Here's Dan's basic point:
"Fannie Mae, the government-sponsored mortgage association, has been battling a mounting scandal since last year. It has accounting errors of about $11 billion. That's more than 19 times larger than Enron's $567 million error. Fannie faces a Justice Department inquiry, an SEC investigation and an Office of Federal Housing Enterprise complaint.
"The mess has caused the departure of CEO Franklin Raines and several other top executives. And Fannie Mae stock has dropped roughly 30 percent, from nearly $80 a share to around $55. That's an added loss of more than $20 billion.
"All of this is news — $30 billion worth of news — but the only journalists out there covering it on a regular basis are print reporters. TV news is out to lunch."

You don't think the fact Raines was one of Bill Clinton's OMB honchos has anything to do with it, do you?

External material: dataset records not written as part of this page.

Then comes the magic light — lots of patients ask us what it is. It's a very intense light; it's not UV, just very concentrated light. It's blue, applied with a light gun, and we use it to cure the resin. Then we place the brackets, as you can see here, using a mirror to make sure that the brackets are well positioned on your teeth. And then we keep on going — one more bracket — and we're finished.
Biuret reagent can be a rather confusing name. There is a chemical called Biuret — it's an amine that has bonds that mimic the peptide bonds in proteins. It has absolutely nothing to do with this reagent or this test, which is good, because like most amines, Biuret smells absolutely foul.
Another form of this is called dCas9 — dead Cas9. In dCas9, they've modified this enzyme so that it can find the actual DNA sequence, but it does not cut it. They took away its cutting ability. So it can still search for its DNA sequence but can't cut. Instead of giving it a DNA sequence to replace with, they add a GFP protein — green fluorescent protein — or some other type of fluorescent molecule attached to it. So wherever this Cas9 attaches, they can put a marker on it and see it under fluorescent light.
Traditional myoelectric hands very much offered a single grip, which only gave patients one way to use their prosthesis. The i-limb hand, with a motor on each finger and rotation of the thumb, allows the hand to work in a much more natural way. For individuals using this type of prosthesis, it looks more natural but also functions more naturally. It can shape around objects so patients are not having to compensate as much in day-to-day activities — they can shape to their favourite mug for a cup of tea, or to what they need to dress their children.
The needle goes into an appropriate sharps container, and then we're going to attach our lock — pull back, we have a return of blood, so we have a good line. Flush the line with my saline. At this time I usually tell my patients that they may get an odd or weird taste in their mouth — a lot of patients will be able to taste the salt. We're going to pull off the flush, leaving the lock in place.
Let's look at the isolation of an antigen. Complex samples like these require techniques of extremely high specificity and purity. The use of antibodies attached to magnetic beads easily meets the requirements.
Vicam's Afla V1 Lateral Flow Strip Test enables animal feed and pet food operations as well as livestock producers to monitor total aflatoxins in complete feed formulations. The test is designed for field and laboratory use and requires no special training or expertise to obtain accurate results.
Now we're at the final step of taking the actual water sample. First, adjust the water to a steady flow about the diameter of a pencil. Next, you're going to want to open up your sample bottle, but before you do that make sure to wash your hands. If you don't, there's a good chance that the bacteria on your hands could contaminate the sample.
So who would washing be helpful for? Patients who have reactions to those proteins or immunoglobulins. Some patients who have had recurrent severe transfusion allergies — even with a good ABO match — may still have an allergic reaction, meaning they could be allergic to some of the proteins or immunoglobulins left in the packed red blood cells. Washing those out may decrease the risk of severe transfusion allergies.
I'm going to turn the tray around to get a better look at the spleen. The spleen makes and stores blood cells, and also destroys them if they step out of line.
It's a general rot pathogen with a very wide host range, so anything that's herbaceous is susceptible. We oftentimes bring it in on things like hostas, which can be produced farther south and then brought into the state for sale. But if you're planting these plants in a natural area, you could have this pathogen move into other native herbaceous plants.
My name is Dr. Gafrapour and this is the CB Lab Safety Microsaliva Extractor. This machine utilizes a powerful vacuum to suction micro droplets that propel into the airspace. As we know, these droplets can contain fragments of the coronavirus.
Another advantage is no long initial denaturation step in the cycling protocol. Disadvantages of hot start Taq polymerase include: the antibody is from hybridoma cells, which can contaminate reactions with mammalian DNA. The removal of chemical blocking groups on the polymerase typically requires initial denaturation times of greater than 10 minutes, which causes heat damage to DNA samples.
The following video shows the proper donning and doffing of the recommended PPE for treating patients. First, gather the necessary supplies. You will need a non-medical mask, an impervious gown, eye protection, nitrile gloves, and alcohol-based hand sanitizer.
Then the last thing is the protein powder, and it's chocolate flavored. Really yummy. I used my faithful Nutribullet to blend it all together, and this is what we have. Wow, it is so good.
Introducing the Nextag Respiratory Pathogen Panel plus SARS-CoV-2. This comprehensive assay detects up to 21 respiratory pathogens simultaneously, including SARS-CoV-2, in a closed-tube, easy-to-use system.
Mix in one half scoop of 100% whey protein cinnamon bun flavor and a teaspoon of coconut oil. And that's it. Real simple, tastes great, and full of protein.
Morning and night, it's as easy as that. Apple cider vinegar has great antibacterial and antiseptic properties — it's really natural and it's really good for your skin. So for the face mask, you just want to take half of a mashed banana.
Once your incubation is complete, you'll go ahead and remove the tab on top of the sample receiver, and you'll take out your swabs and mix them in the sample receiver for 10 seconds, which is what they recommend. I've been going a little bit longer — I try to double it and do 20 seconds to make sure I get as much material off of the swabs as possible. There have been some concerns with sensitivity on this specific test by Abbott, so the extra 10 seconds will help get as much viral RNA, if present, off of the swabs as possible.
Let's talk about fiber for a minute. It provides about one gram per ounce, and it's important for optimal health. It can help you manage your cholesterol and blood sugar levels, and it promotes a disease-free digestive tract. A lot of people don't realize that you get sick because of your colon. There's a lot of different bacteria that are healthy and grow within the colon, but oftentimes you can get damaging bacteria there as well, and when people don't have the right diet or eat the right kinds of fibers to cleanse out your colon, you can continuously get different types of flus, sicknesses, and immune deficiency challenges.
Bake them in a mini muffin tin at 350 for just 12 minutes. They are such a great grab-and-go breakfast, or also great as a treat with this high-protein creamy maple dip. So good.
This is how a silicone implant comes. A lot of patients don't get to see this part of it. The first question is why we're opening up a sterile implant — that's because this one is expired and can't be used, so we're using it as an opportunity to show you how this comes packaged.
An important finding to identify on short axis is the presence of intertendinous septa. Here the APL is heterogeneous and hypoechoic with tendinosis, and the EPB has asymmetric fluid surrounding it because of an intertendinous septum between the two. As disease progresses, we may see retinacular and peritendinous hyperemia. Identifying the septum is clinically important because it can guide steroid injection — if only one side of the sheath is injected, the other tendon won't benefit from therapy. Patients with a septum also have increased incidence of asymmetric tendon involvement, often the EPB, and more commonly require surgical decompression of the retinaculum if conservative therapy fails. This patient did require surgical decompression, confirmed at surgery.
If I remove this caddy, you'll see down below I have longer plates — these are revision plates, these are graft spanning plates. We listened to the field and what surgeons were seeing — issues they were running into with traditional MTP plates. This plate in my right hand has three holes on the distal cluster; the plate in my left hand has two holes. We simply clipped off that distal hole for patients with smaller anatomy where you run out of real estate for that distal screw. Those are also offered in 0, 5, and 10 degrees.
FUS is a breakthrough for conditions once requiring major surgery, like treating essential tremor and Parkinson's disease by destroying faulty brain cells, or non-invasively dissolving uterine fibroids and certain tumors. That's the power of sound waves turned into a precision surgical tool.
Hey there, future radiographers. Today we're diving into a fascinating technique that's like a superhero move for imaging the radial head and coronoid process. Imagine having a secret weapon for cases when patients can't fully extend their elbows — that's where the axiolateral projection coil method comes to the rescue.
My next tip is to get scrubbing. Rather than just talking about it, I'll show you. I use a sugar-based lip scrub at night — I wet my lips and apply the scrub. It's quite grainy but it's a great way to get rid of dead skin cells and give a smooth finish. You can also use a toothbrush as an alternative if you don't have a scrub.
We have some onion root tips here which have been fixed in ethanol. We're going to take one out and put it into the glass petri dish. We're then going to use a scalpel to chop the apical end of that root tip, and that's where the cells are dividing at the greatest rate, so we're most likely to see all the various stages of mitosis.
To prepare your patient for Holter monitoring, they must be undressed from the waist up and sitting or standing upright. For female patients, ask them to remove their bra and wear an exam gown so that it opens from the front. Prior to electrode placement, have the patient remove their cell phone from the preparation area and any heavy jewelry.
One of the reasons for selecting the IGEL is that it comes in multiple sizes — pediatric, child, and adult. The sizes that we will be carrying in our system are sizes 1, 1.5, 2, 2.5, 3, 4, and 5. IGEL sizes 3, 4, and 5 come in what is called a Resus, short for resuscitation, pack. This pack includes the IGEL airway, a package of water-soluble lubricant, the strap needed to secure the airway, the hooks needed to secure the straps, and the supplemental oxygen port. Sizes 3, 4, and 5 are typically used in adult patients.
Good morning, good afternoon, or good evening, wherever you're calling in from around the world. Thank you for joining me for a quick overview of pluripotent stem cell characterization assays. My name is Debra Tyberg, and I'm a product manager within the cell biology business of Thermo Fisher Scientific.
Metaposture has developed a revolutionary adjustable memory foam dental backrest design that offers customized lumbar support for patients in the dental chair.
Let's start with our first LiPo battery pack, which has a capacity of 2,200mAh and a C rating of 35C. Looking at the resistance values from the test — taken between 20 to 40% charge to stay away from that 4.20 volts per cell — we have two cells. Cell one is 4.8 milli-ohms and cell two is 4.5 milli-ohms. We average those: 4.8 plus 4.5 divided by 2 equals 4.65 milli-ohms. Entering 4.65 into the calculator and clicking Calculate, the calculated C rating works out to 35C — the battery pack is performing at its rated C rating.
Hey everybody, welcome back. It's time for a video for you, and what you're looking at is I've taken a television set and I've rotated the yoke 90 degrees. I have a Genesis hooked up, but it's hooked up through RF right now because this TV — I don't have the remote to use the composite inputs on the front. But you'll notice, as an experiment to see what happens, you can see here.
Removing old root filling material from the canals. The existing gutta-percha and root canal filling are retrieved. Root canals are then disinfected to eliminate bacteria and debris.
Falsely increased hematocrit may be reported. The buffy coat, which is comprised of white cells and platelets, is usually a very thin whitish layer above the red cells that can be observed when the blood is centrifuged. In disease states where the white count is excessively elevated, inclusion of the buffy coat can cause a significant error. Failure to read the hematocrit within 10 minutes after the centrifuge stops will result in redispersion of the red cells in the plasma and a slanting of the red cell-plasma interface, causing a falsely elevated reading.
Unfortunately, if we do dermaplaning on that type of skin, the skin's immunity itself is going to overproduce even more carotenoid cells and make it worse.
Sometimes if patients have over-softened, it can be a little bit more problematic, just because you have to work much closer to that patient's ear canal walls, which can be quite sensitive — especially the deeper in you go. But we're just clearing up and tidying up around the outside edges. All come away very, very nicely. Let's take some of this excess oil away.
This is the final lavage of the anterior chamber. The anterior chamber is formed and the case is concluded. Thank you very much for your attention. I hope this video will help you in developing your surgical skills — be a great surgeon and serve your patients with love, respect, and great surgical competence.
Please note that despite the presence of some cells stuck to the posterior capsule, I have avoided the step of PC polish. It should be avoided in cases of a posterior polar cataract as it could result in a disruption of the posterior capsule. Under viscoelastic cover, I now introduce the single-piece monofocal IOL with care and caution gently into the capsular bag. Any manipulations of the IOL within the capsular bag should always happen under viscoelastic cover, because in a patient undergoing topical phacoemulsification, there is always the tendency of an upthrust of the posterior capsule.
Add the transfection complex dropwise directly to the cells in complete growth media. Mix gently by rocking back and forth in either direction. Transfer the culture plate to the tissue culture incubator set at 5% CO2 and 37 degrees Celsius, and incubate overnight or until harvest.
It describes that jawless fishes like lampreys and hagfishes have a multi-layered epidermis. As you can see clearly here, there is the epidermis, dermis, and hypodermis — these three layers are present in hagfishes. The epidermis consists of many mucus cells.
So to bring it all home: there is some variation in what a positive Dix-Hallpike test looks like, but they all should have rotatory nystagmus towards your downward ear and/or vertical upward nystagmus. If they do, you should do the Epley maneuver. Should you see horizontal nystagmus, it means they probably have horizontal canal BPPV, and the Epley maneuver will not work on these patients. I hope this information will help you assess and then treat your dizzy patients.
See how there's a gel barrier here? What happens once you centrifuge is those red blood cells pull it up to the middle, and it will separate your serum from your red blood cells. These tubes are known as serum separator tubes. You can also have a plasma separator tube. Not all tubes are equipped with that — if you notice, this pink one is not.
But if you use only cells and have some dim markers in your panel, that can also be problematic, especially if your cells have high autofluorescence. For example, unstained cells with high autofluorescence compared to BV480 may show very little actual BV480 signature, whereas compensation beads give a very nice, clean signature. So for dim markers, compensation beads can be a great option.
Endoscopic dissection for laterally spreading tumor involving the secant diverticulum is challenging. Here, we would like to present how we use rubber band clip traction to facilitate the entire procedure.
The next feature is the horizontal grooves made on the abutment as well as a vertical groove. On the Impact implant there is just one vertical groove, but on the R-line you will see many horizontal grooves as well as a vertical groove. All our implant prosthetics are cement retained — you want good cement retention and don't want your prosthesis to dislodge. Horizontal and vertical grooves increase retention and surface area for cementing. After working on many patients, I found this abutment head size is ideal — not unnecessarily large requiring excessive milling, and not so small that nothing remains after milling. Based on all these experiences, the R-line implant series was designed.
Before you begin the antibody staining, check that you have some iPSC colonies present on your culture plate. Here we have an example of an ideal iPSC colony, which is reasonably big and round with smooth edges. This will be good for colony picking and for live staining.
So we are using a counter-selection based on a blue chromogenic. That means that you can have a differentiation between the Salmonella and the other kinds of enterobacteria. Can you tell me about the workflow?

Anyway, if the financial disparity of the Enron and Fannie Mae scandals strikes you as extreme, consider how much more extreme is the difference in coverage between the two:
"Just doing a LexisNexis search produced 3,017 hits for 'Enron' — 1,385 hits on CNN alone. During that nine-month time period, Enron disclosed that it had overstated its earnings by $567 million since 1997.
"A similar LexisNexis search was performed for the term 'Fannie Mae' for those same media, from June 1, 2004, to March 1, 2005, again during the time the story was breaking. This search discovered a paltry 37 matches.

"Through those nine months, Fannie Mae was asked by its regulator to revamp its accounting practices, key executives resigned and about $11 billion in accounting errors were revealed."

After you read Dan's column, check out the blog commentary compiled by Michelle Malkin here.

Frankly, having covered government waste and fraud for years, I am not surprised that Fannie Mae's travails don't get much attention on the boob tube and certainly has received less coverage in the print media than Enron continues to receive. The reason is simple: There are staggering levels of waste and fraud in Washington, D.C. and in every state and local government.

But the MSM is by and large supportive of government programs to deal with every major and most minor problems faced by our society. Exposing the real magnitude of fraud, inefficiency and corruption in the government would thus undermine its claims to be able to solve those problems (if you think government has solved problems, name one). So government waste usually gets a pass with the MSM.

Lets you think I exxaggerate the scope of government waste and fraud, check out this Top 10 list compiled by Heritage's budget analyst Brian Reidl and the Congressional Pig Book compiled by Citizens Against Government Waste.

And what has this to do with the Blogosphere? Think what would happen to all that waste, fraud and abuse if bloggers were fisking spending bills before they are voted on by Congress and contracts proposed by federal agencies before they are signed? Think about it.